Aside from their relationship to cognitive clarities and the practice of "muscle memory", (I play piano and it works as well there), the reason I chose to focus on manual handling skills in the original post is because such exercises are "tells" in terms of cognitive capacity and the capacity of "autonomic" learning, (muscle memory, as in playing the piano, etc.) I am not trained as a pyschologist, but I know from experience that when flying an aircraft is "in the muscles", the mind has less to distract it, so to speak.

You likely know this but in the spirit of "the exchange" I would like to establish these notions.

It's a way of saying that "average skills" are what aeronautical engineers and all members of the engineering/design team know they must design towards. The machine and/or system must be useable by those of average ability and capacity, "average" being defined as someone who has been trained to competency as measured by examination and as assumed by some level of experience with the machine/system in question, or who would be recognized by another pilot with experience, as "competent", (Johnston's Substitution Test - the notion applied here to "normal flying skills). The "tells" emerge as signs of competency levels, (clearly, some judgement of the presence of "competency" is involved as one cannot always measure experimentally in controlled circumstances).

Approached this way, I wonder if the notions being expressed as OOS-HEV become sidebars?...(that is not my intent, - I haven't thought it over enough yet! - I'm just positing that while legitimate, the relevance of OOS-HEV in the context of LOC accidents may not be high in the determination of needs, and I do take seriously your comments regarding hindsight & learning).

I would say at a minimum, that if one can handle aircraft with a high level of intuitiveness borne of thorough training, practise, reasonable exposure, (experience, in other words), in short...one can "fly", then one already has sufficient skill to handle all except perhaps rare, extreme encounters.

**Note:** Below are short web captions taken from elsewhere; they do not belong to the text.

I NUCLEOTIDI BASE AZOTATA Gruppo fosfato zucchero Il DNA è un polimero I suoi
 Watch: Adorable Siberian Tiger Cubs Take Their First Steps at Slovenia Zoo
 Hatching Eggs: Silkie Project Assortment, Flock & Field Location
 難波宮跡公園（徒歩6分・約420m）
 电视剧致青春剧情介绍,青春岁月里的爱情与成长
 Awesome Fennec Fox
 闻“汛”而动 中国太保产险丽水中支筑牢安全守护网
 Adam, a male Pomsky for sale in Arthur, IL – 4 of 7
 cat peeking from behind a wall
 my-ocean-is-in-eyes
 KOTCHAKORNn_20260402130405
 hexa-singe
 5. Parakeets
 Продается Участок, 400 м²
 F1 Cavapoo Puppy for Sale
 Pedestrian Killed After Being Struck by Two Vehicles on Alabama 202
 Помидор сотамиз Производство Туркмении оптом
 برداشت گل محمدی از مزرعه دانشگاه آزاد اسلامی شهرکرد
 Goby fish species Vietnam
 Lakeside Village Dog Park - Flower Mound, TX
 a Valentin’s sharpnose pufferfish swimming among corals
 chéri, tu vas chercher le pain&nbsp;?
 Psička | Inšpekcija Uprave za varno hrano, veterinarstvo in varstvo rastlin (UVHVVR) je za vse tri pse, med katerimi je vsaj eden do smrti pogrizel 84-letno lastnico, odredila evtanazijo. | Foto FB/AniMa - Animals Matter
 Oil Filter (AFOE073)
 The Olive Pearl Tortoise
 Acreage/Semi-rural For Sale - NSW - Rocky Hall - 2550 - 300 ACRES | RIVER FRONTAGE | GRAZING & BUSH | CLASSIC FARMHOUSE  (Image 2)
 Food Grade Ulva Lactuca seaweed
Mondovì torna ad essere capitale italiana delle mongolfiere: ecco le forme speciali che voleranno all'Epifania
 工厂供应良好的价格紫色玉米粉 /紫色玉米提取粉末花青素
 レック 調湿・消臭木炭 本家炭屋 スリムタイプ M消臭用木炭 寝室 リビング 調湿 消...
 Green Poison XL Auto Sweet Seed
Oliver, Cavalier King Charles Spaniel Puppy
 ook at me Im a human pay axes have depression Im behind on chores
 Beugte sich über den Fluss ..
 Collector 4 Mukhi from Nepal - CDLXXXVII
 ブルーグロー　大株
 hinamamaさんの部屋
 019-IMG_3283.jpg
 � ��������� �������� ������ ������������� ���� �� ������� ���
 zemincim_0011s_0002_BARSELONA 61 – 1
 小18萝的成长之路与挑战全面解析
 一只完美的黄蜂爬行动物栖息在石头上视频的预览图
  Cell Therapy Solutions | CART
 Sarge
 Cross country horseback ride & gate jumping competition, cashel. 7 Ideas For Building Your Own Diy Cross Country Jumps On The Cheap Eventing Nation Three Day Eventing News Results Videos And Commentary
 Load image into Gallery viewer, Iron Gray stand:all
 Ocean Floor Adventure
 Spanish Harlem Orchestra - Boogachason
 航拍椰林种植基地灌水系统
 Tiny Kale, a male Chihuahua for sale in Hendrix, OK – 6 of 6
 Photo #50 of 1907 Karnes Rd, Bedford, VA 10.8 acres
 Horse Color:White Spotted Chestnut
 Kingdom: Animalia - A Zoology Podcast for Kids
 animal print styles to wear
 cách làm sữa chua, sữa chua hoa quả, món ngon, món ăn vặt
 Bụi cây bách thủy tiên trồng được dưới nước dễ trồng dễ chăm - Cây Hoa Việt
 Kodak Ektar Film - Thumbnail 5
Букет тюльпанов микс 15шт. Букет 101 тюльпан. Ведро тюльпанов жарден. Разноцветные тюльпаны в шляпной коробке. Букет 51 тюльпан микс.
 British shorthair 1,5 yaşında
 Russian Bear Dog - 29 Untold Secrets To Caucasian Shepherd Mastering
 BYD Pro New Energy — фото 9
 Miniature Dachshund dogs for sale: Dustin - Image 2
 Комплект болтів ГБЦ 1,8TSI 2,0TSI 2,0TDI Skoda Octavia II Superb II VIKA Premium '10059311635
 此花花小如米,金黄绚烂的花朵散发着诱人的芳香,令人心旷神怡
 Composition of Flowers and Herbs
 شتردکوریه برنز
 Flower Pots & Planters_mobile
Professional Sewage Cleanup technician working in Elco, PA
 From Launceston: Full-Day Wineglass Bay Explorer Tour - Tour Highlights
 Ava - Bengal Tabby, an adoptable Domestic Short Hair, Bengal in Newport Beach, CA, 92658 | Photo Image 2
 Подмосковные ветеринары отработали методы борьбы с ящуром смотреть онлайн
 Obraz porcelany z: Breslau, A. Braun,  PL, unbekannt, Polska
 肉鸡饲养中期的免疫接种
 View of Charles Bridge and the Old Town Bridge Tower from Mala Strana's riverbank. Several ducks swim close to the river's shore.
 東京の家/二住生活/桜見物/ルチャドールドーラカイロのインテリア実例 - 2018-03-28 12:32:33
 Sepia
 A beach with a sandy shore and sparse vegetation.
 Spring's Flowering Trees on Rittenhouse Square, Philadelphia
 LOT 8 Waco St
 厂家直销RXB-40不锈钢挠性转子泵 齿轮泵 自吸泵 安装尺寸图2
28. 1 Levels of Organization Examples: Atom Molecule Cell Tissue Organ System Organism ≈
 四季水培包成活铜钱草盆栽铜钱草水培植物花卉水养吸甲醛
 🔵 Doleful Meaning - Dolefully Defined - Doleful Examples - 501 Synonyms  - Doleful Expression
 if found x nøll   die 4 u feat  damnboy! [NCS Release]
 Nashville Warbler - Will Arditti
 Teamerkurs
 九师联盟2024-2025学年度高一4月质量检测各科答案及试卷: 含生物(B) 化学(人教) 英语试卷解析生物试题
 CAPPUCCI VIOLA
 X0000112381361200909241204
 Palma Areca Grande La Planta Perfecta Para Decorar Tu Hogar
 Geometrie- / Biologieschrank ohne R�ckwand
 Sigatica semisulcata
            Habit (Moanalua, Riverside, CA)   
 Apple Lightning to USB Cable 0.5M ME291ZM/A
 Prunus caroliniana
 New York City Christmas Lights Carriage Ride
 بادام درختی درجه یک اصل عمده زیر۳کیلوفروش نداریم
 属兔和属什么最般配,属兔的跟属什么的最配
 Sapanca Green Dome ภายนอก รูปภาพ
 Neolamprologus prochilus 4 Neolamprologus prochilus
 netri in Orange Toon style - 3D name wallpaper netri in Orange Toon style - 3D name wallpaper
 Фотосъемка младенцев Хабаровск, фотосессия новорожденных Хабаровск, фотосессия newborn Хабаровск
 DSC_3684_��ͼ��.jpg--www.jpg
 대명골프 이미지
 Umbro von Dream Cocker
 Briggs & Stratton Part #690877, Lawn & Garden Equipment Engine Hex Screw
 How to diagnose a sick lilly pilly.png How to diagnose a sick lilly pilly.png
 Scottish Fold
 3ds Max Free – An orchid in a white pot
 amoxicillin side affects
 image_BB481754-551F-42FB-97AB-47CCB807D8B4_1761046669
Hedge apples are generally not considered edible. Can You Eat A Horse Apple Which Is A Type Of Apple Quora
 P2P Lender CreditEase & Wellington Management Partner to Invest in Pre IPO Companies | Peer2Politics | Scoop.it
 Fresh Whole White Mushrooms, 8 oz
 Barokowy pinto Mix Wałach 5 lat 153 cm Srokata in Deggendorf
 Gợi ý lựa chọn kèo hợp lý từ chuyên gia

To make the connection between this response and the original long-ish post regarding 45-deg bank turns and "lazy eights" then - having some experience with these - I considered that one way to measure such skill in a pilot candidate (in initial or recurrent training/checking), was to do these exercises first to see if further training/practise was needed, and as a way of practising one's craft, which, first, is to fly the airplane.

Last edited by PJ2; 29th Jan 2015 at 19:35.